DeepSeek charges nothing for a model that holds its own on math and code. Claude charges $20/mo for the best reasoning you can buy at a consumer tier. The question isn't "which is better" — it's "is the gap worth the money for the work you actually do."
By DeepSeek AI (Hangzhou, China). Full DeepSeek profile →
By Anthropic. Full Claude profile →
Best for: Math, logic, coding for users on a budget — or curious experimenters.
Weakness: Hosted in China; data residency may matter; less polished UX.
Chat is free. API from $0.14/1M input.
Best for: Document analysis, research papers, nuanced writing, software engineering.
Weakness: No image or video generation; smaller usage caps; not free past Sonnet on Free tier.
From $0 (free)/mo. Top tier: $200/mo.
Not a contest. DeepSeek's chat product is genuinely free, no ads, no paywall, no daily cap. The API is the cheapest serious model on the market: $0.14 input / $0.28 output per million tokens on V4-Flash, $0.435 / $0.87 on V4-Pro. Claude Opus 4.7 in the API is $5 / $25 per million — roughly 30× more for output. If your work is high-volume and quality-tolerant, the math is brutal.
DeepSeek's V4 line inherits the chain-of-thought training that made R1 famous. On structured problems — math, logic puzzles, algorithmic code — it punches well above its weight and frequently matches paid models. Claude Opus 4.7 is still ahead at the top end, particularly on multi-step reasoning where you actually need the model to recognise its own mistakes, but the gap is narrower than the price difference suggests.

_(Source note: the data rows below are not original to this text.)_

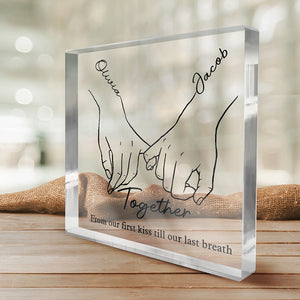 I Love You Forever & Always - Couple Personalized Custom Square Shaped Acrylic Plaque - Gift For Husband Wife, Anniversary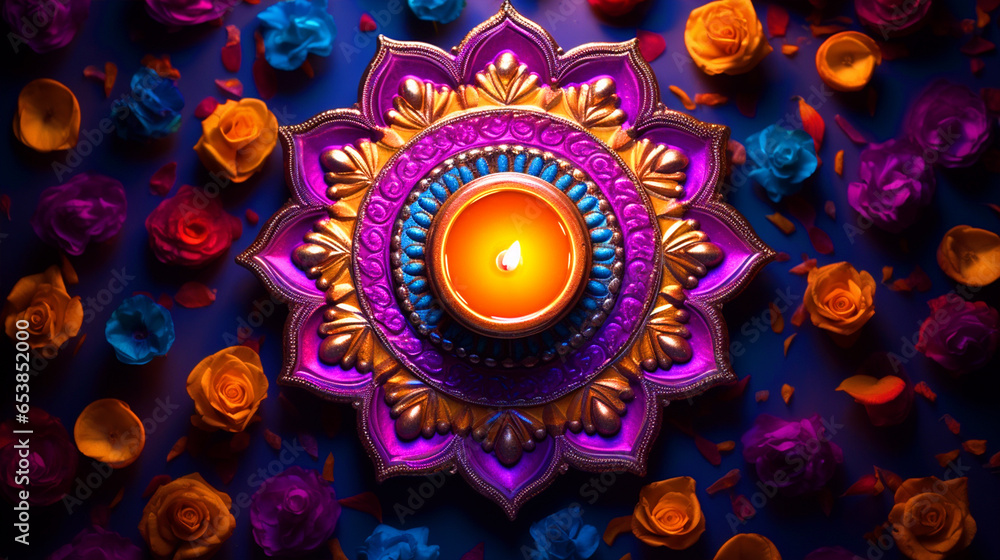 Diya placed in middle of colorful rangoli top view happy Diwali background - ai generative - obrazy, fototapety, plakaty 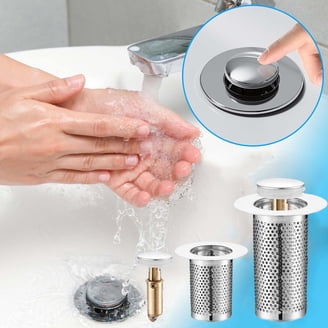 PF WaterWorks EasyPOPUP Universal Bathroom Sink Pop-Up Stopper - Tool-Free Install, Fits Ball Rod Drains, Chrome Finish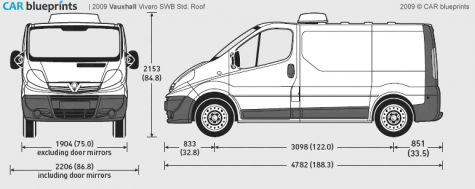 2009 Vauxhall Vivaro SWB Std Roof Van blueprint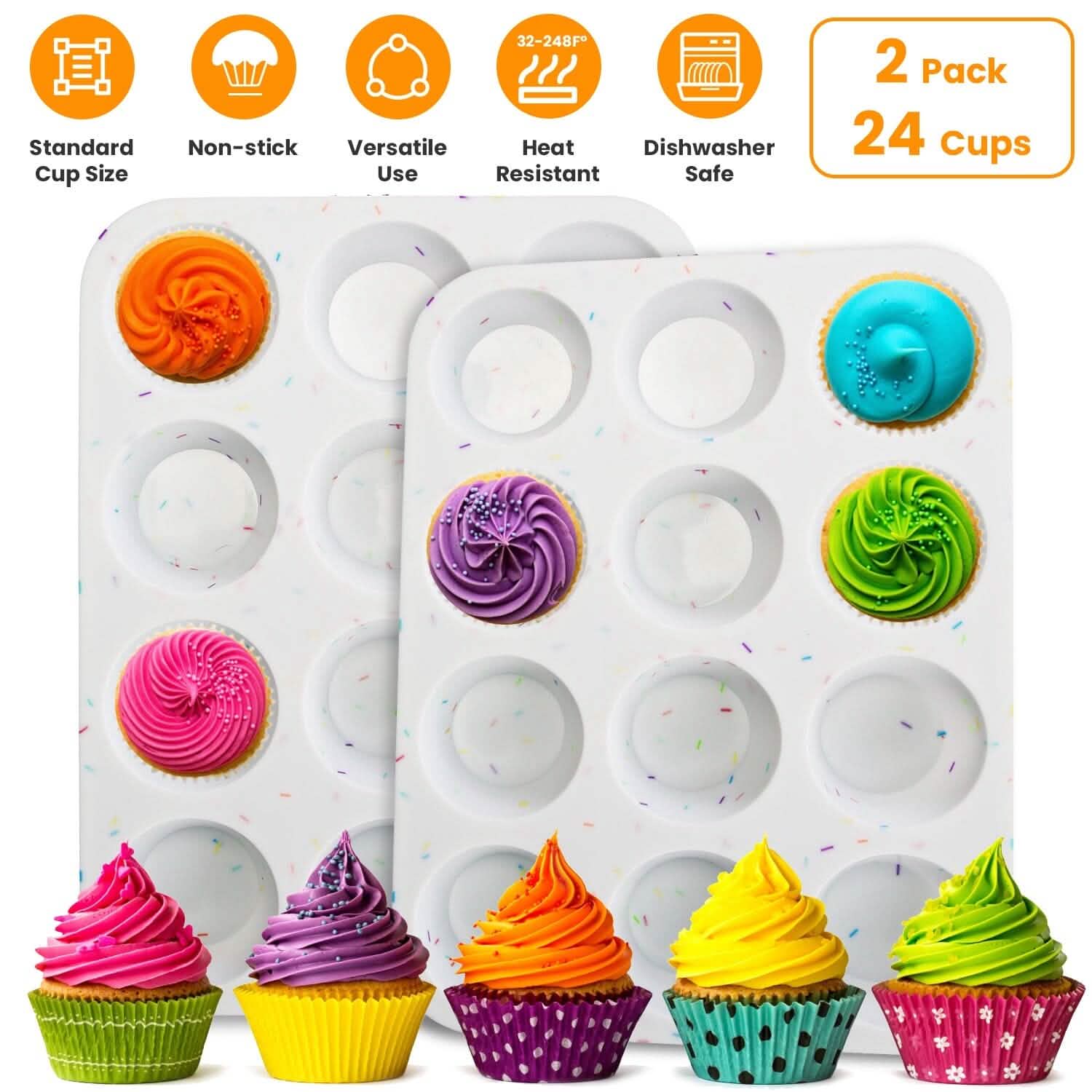 2-Pack: 12 Cups Silicone Muffin Nonstick Pans DailySale
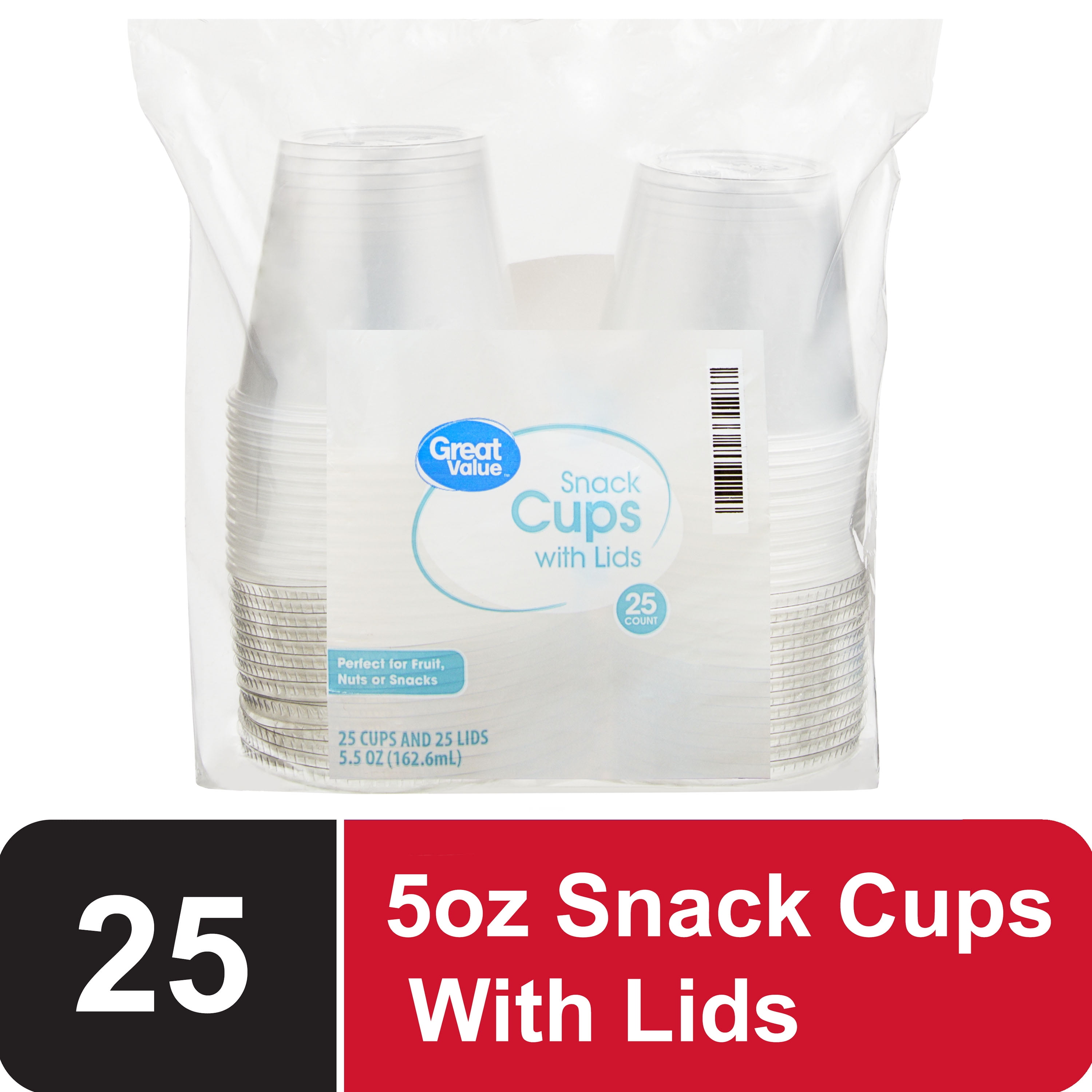 Great Value Disposable Plastic Cups and Lids, 16oz, Clear, 25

Claude wins clearly. Opus and Sonnet pick up tone, audience, and intent in a way DeepSeek doesn't reliably match. For anything where the prose matters — pitches, essays, careful argumentation — Claude is worth the upgrade.
Both are strong. Claude Opus 4.7 is the default for large refactors, agentic workflows, and codebases where you need the model to genuinely understand architecture. DeepSeek V4-Pro is impressive on contained problems — algorithm design, leetcode-style work, single-file generation — and the price makes it ideal for "let me try 20 variations."
DeepSeek API gives you a 1M-token context window. Claude Pro is 200K (with 1M in beta on Sonnet). For sheer volume of input, DeepSeek wins. For careful reasoning over that input, Claude is still the safer pick.
DeepSeek is hosted in China. For personal experimentation that's fine; for work involving customer data, contracts, or anything subject to regulatory scrutiny, that's a real consideration. Claude is US-hosted with enterprise data protections. This factor alone settles it for many teams.
You want a free, capable assistant for math, code experiments, or learning. Or you're building something that needs a cheap API and you can tolerate the data-residency question. The price point makes whole categories of project economically possible.
You write for a living, work with sensitive material, or need an AI you'll trust with serious analytical work. The quality premium at $20/mo is real and you'll feel it on hard problems and long documents. Enterprise data handling is mature.
The honest answer: use DeepSeek as a free everyday tool, keep Claude Pro for the work that matters. That combination costs $20/mo and covers the full range from quick utility tasks to careful knowledge work. If you can only run one and budget isn't tight, Claude is the safer single pick — the gap on writing and trust is bigger than the benchmark numbers suggest.